A warning blast on a trumpet and the “Star-spangled Banner” floated out over the house-tops. The children ceased dancing; every boy’s cap came off, and the chorus swelled loud and clear:
It was so at the still bigger school at Hester and Orchard streets. At the biggest of them all, and the finest, the same No. 177 where the janitor’s assistant “shooed” the children away with his club, the once dismal yard had been festooned with electric lamps that turned night into day, and about the band-stand danced nearly three thousand boys and girls to the strains of “Money Musk,” glad to be alive and there. A ball-room forsooth! And it is going to be better still; for once the ice has been broken, there are new kinks coming in this dancing programme that is the dear dissipation of the East Side. What is to hinder the girls, when the long winter days come, from inviting in the fellows, and papa and mamma, for a real dance that shall take the wind out of the sails of the dance-halls? Nothing in all the world. Nor even will there be anything to stop Superintendent Maxwell from taking a turn himself, as he said he would, or me either, if I haven’t danced in thirty years. I just dare him to try.

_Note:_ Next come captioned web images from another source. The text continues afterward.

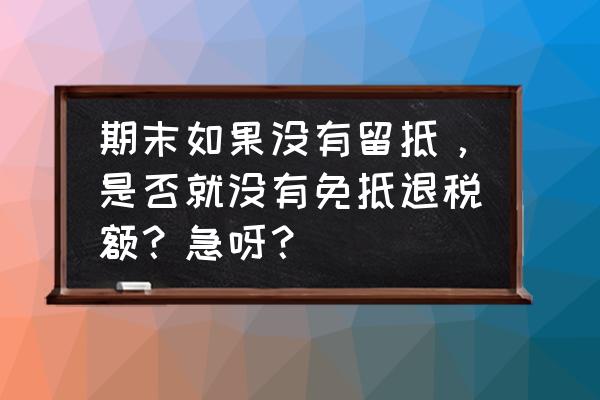 没有留抵出口退税怎么办 期末如果没有留抵，是否就没有免抵退税额？急呀？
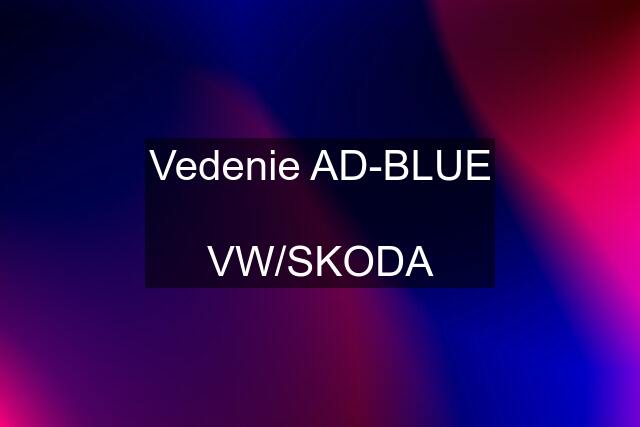 Vedenie AD-BLUE  VW/SKODA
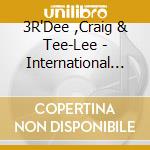 3R'Dee ,Craig & Tee-Lee - International Texas cd musicale di 3R'Dee ,Craig & Tee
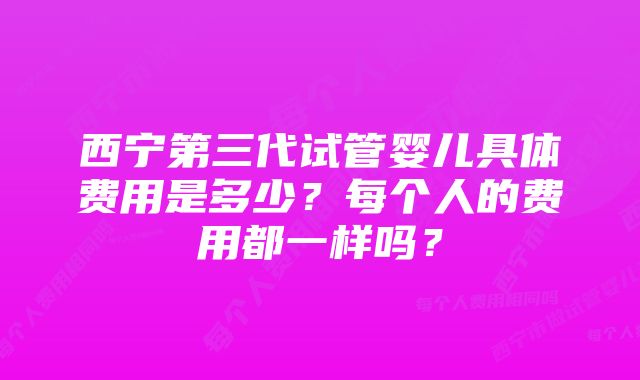 西宁第三代试管婴儿具体费用是多少？每个人的费用都一样吗？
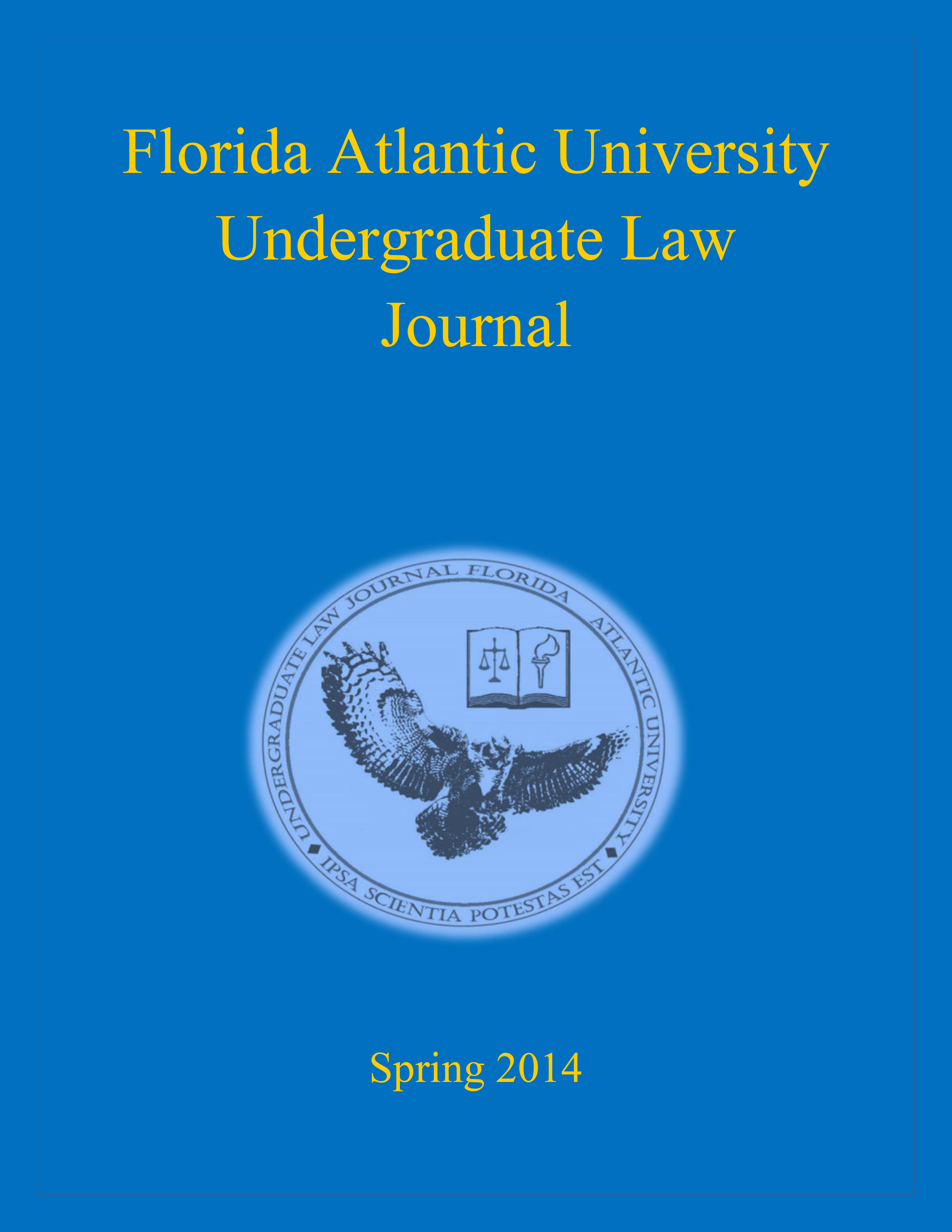 					View 2014: FAU Undergraduate Law Journal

The man in charge of the ball-room at No. 177—I shall flatly refuse to call it a yard—said that he didn’t believe in any other rule than order, and nearly took my breath away, for just then I had a vision of the club in the doorway; but it was only a vision. The club was not there. As he said it, he mounted the band-stand and waved the crowd to order with his speaking-trumpet.
“A young lady has just lost her gold watch on the floor,” he said. “It is here under your feet. Bring it to me, the one who finds it.” There was a curious movement of the crowd, as if every unit in it turned once about itself and bowed, and presently a shout of discovery went up. A little girl with a poor shawl pinned about her throat came forward with the watch. The manager waved his trumpet at me with a bright smile.
“You see it works.”
The entire crowd fell in behind him in an ecstatic cake-walk, expressive of its joy and satisfaction, and so they went, around and around.
On that very corner, just across the way, a dozen years ago, I gave a stockbroker a good blowing up for hammering his cellar door full of envious nails to prevent the children using it as a slide. It was all the playground they had.
On the way home I stopped at the first of all the public schools to acquire a roof playground, to see how they did it there. The janitor had been vanquished, but the pedagogue was in charge, and he had organized the life out of it all. The children sat around listless, and made little or no attempt to dance. A harassed teacher was vainly trying to form the girls into ranks for exercises of some kind. They held up their hands in desperate endeavor to get her ear, only to have them struck down impatiently, or to be summarily put out if they tried again. They did not want to exercise. They wanted to play. I tried to voice their grievance to the “doctor” who presided.
“Not at all,” he said decisively; “there must be system, system!”
“Tommyrot!” said my Chicago friend at my elbow, and I felt like saying “thank you!” I don’t know but I did. They have good sense in Chicago. Jane Addams is there.
The doctor resumed his efforts to teach the boys something, having explained to me that downstairs, where they are when it rains, there were seven distinct echoes to bother the band. Two girls “spieled” in the corner, a kind of dancing that is not favored in the playground. There had been none of that at the other places. The policeman eyed the show with a frown.
So there was a fly in our ointment, after all. But for all that, the janitor is downed, his day dead. This of all things at last has been “settled right,” and the path cleared for the children’s feet, not in New York only, but everywhere and for all time. I, too, am glad to be alive in the time that saw it done.